We climbed through a broken window at noon. I wore rubber boots. My companion carried a machete. Hearing a splash ahead, I aimed a flashlight beam down the dark basement hall. We could see cobwebs and peeling paint and graffiti on the walls. But whatever had made the splash, man or beast, remained hidden.
Scared as children, we were in the long-closed derelict hotel, the Vinoy. Yes, that Vinoy — the luxury hotel that bedazzles on today's waterfront. Built it 1925, the Vinoy had been a winter refuge for America's rich and famous. But paying guests stopped coming and it closed in disrepair in 1973. Creeping through the basement in 1978, my companion and I felt as if we were exploring a haunted mansion — home to tormented souls, vermin and, according to rumor, at least one hungry alligator with an appetite for rodents and misplaced feet.
My machete-armed companion hadn't come to tangle with the gator. He hoped to kill mosquitoes in the flooded basement. Hatching in the rancid water, they had been flying through the broken windows and biting people downtown.
Tom Myers, who worked for Pinellas County Mosquito Control at the time, found the hatchery, a deep pool of turbid water covered by scum. He tossed a handful of poison capsules into the pool and said nervously, "Let's get out of here."
At last I felt the urge to ask about the machete.
"Walking around down here in the dark, I've bumped into homeless men standing in the doorways," he said. "Scared the hell out of me."
• • •
Not long ago I visited the Vinoy again. My companion, a tiny elegant woman named Elaine Normile, wore stylish black slacks and a leopard-skin print blouse. She wore expensive sandals instead of the rubber boots favored by mosquito killers.
The official Vinoy historian, she was leading a tour of about 20 through the hotel. As bellhops hustled past, the concierge whispered to a well-coiffed client. If a ghost lurked in the vicinity, it had to be the spirit of curly-haired Aymer Vinoy Laughner.
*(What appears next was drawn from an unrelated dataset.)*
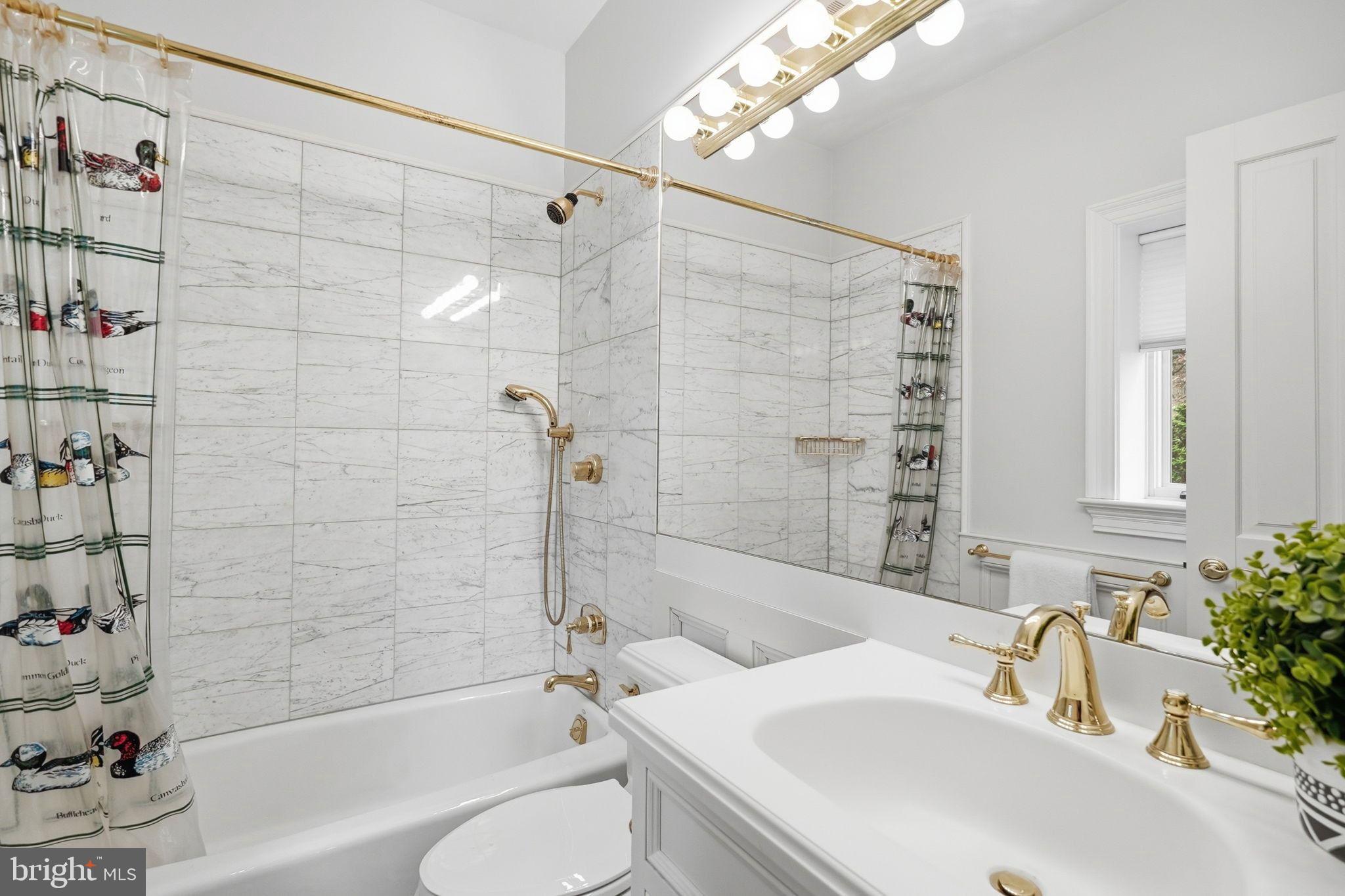 2318 NEBRASKA AVENUE NW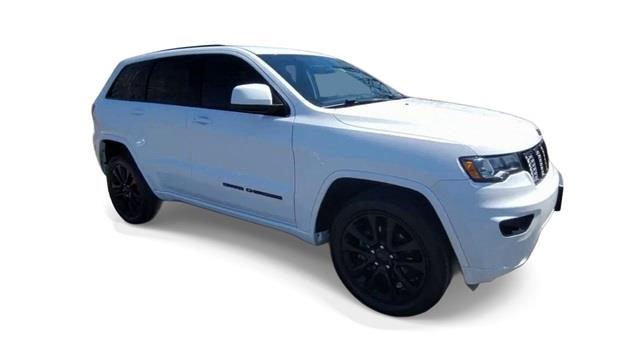 2018 Jeep Grand Cherokee Altitude, available for sale in Avon, Connecticut | Sullivan Automotive Group. Avon, Connecticut 2018 Jeep Grand Cherokee Altitude, available for sale in Avon, Connecticut | Sullivan Automotive Group. Avon, Connecticut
"He built the Vinoy," our historian said, traipsing through the lobby. And then, as is her wont, she told a story:
Laughner built the Vinoy after an encounter with famous golfer Walter Hagen. They were standing in Laughner's yard on Beach Drive when Laughner laid his expensive pocket watch on the lawn and challenged Hagen to hit a ball off the face without cracking the glass.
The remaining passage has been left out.